While there are dozens of islands in the archipelago, only Flowerpot Island is accessible, and you can only get here by boat. You can check out the famous “Flowerpot” rock pillars on Flowerpot Island, explore the caves, and hike up to the historic lighthouse station.
Flowerpot Island trail map
Once you dock on Flowerpot Island, you’ll come to a gathering area with a map and information about the island. There are only three trails on Flowerpot Island, so as long as you stick to the trail, you shouldn’t get lost. But make sure you have a good look at the map. Take a picture of it, and note the emergency numbers just in case.
Some parts of the island close, so many sure to check the map board as soon as you arrive on the island.

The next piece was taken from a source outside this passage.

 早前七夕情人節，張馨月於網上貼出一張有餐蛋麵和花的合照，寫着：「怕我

From the gathering area, there’s a trail to your left that heads to the campgrounds and a trail to your right that leads to the flowerpots. If you’re camping on Flowerpot Island, you’ll probably want to head to camp and set up before going off to explore the island.
Flowerpot Island wildlife
When you’re camping anywhere, you should ask yourself, “what kind of hazards could I potentially encounter here?” Flowerpot Island camping is no different.

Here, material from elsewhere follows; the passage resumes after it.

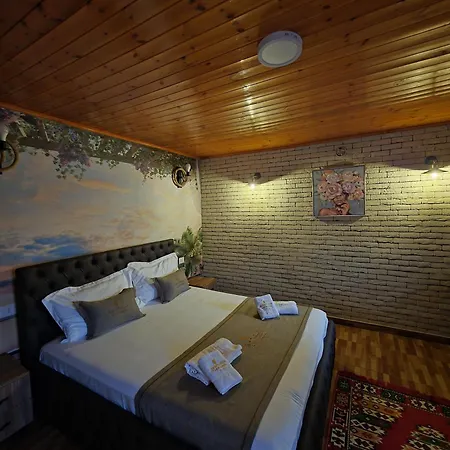 فندق Keshtjella Xhabeqos 4*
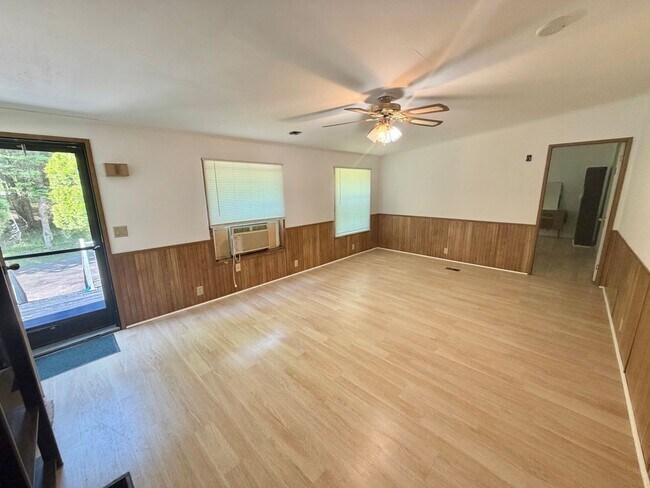 Building Photo - 166 Smith Ln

Despite being a northern island, there are no bears to speak of. However, there are plenty of snakes. The only poisonous snake in Ontario, the Massasauga Rattlesnake, is not known to be on the island, although the species is found in neighbouring Bruce Peninsula National Park.
There are also plenty of bugs, so you’ll want to bring hefty bug spray. Mosquitos and ticks can be dangerous to your health. Oh, yeah, and there are spiders. Giant wolf spiders, which are terrifying. Here’s one from the composting washroom near our campsite:
As for plants, poison ivy covers the island, so make sure not to stray from the trail and wear long pants. The island may also be home to the Giant Hogweed, which can cause severe burns.
Generally, you’ll be okay if you come prepared and stick to the trails.
What you need to know about Flowerpot Island Camping
Camping on Flowerpot Island was the most incredible experience. Usually, the island is flooded with people, which can hinder your experience. But when the last boat leaves, you have the island almost to yourself, and that’s when the magic starts. The entire Flowerpot Island camping experience is something you’ll have to try for yourself.
Flowerpot Island camping sites have everything you need to have an excellent backcountry camping experience.
There are only six campsites on the entire island, which means, at most, you’re hanging out with five other groups. The campsites are spaced out, so you can’t even see the other sites from your own. The sites are numbered from one to six, with six being closest to the tour boat dock and one being the furthest away.
The path to the campsites is rugged. Unlike the path to the flowerpots, the trail to the campsites is narrow and rocky.
We were at site three, which is close to the composting toilet and the camper dock, where you can launch a canoe or kayak.
At each campsite, you’ll find a wooden tent platform, large enough for a big tent, or two single-person tents. There’s also a picnic table and wooden food locker to keep the critters out. Most sites have a lovely view of the water too.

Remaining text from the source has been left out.